[Caption-style text data]
########

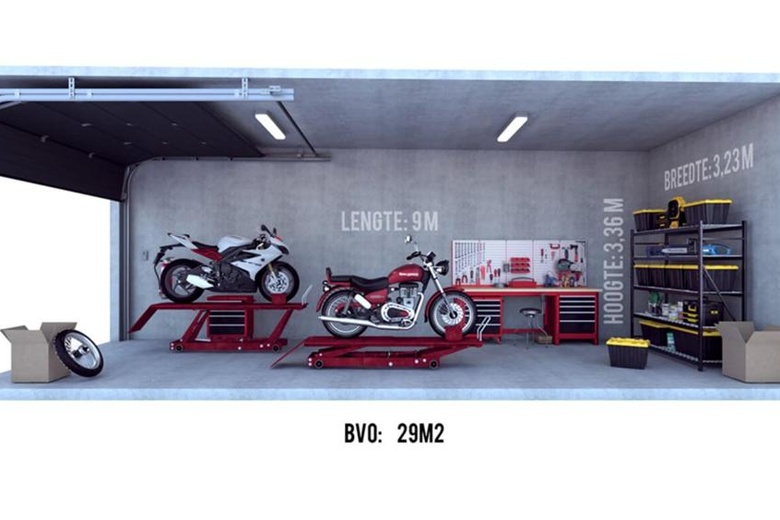 BedrijfsruimteaanArthurweg 43<br/> inRotterdam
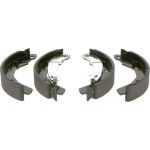 Bremsbacken 0 986 487 628 Bremsbacken 0 986 487 628
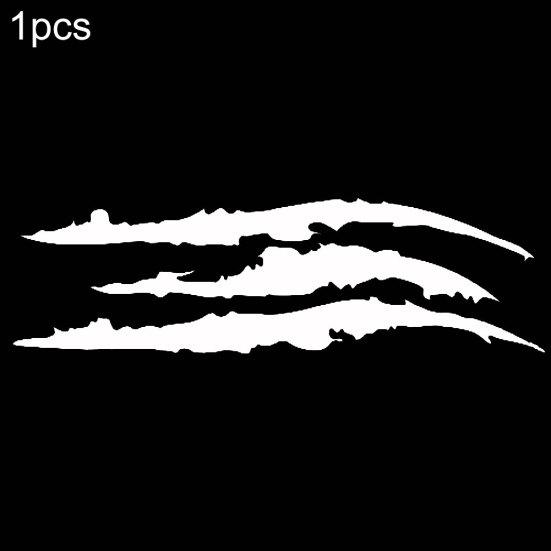 Коготь Царапина Автомобиль Кузов Фар Светоотражающие Наклейки Декор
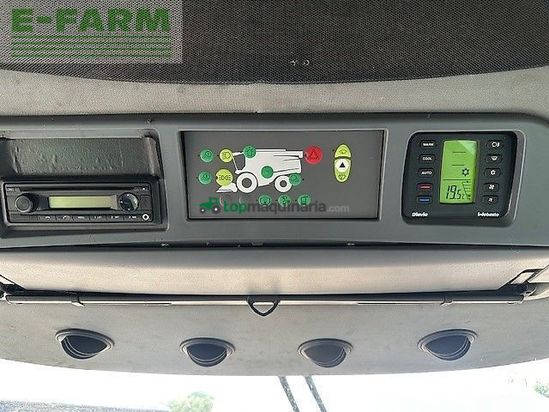 Cosechadora de Cereal - Fendt - 9490 x combine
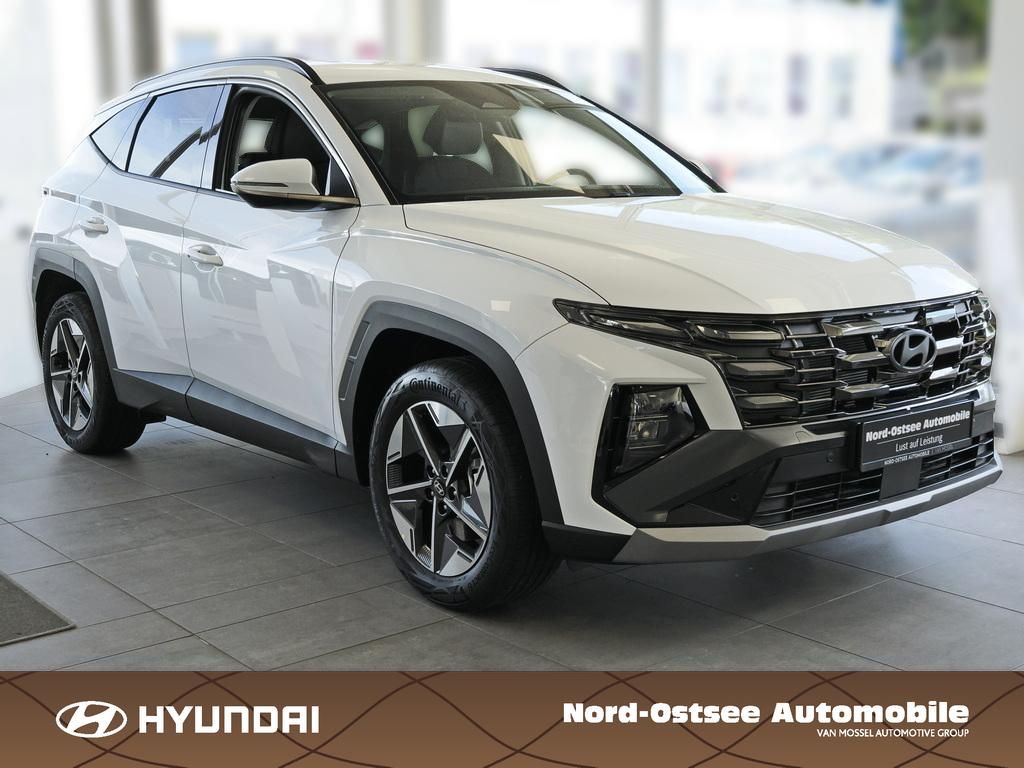 Fahrzeugabbildung Hyundai TUCSON FL Trend Krell Sound System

########

▸ **Problem to solve**: Leave out the pictures, and extract exactly the lines from the one with "Коготь Царапина Автомобиль" through the end of the records, both ends included.

▸ **Task solution**:
 Коготь Царапина Автомобиль Кузов Фар Светоотражающие Наклейки Декор
 Cosechadora de Cereal - Fendt - 9490 x combine
 Fahrzeugabbildung Hyundai TUCSON FL Trend Krell Sound System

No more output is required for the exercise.